Ci mostra e ci spiega le parabole attraverso le mura del suo passato, ce le spiega con la capacità di un saltimbanco, sgattaiolando di qua e di là che è difficile stargli dietro. Lui è logico e convincente e per la prima volta vedo con i miei occhi dove può esser nato veramente Gesù, in un luogo simile, in un posto semplice della città di Betlemme. Ci parla della "quarta stanza", di quell'unica mezza stanza lasciata ai palestinesi della propria casa. Ci spiega saltellando come un grillo dalla sua poltrona che lui non vuole più sentir parlare di pace, ma di riconciliazione: il bisogno di trasformare il proprio nemico nel proprio amico! Gerusalemme è la chiave di tutto: tre nomi in tre religioni per due popoli aperta a tutti! A tutti noi capite? Per tutto il mondo, centro di tutto il mondo, finalmente libera.

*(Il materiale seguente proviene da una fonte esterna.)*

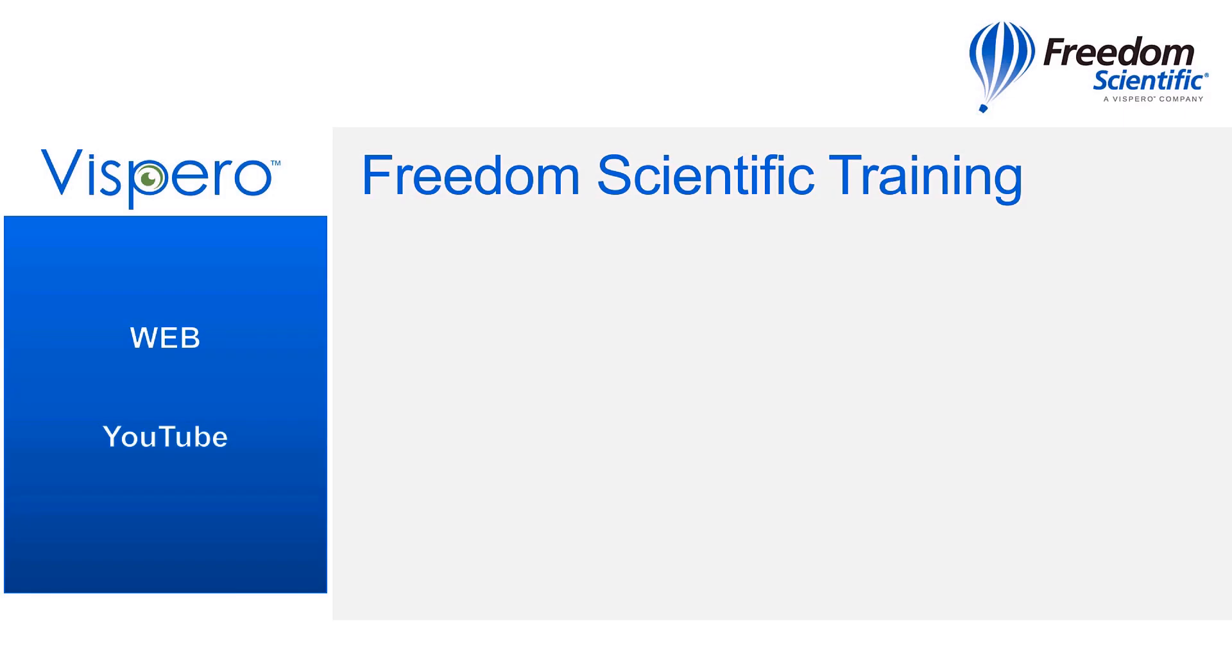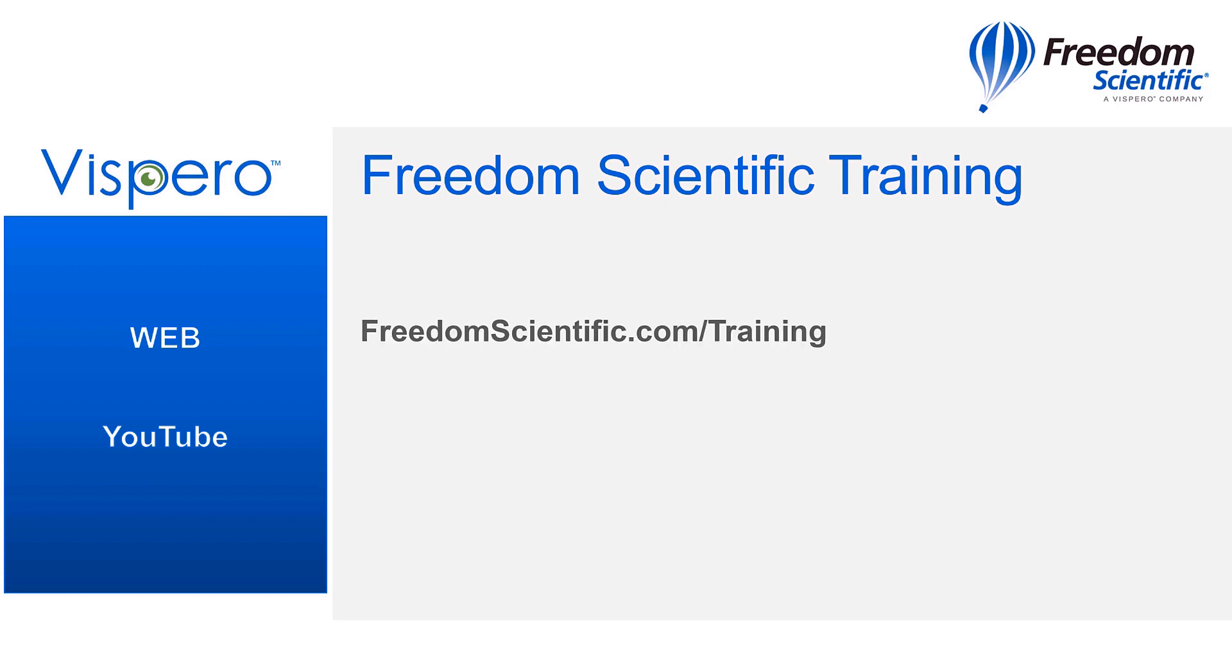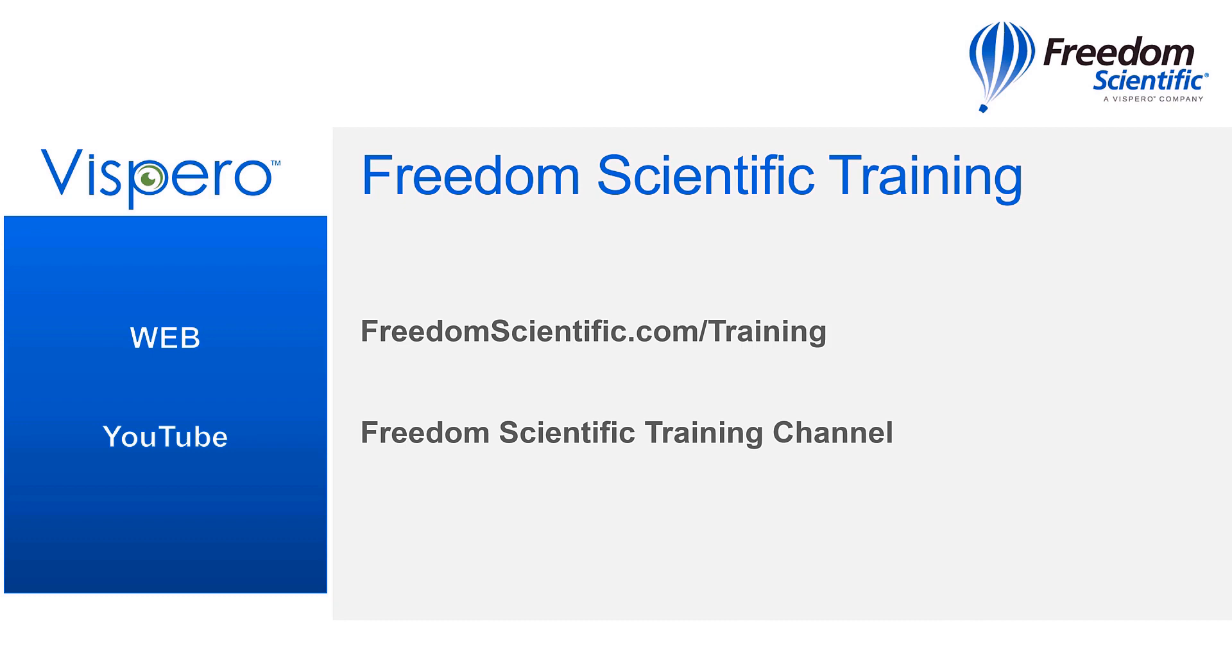Freedom Scientific, a Vispero brand. If you are interested in other training, please visit us on the web at freedomscientific.com/training and on YouTube on our Freedom Scientific training channel. Thank you.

Ci dà speranza ma anche ci racconta che la strada è quella dell'unità, del dire sì, del togliere quel muro ”di sicurezza” che troppo spesso anche noi vediamo e vendiamo in cambio della nostra dignità e della nostra verità. Molto altro ci ha raccontato con la voce e con tutto il suo corpo, ma vi lascio con una frase che lui ha citato nel nostro primo incontro a Taybeh: “la più grande avventura è la libertà della mente”, in ognuno di noi spero accada.
(continua)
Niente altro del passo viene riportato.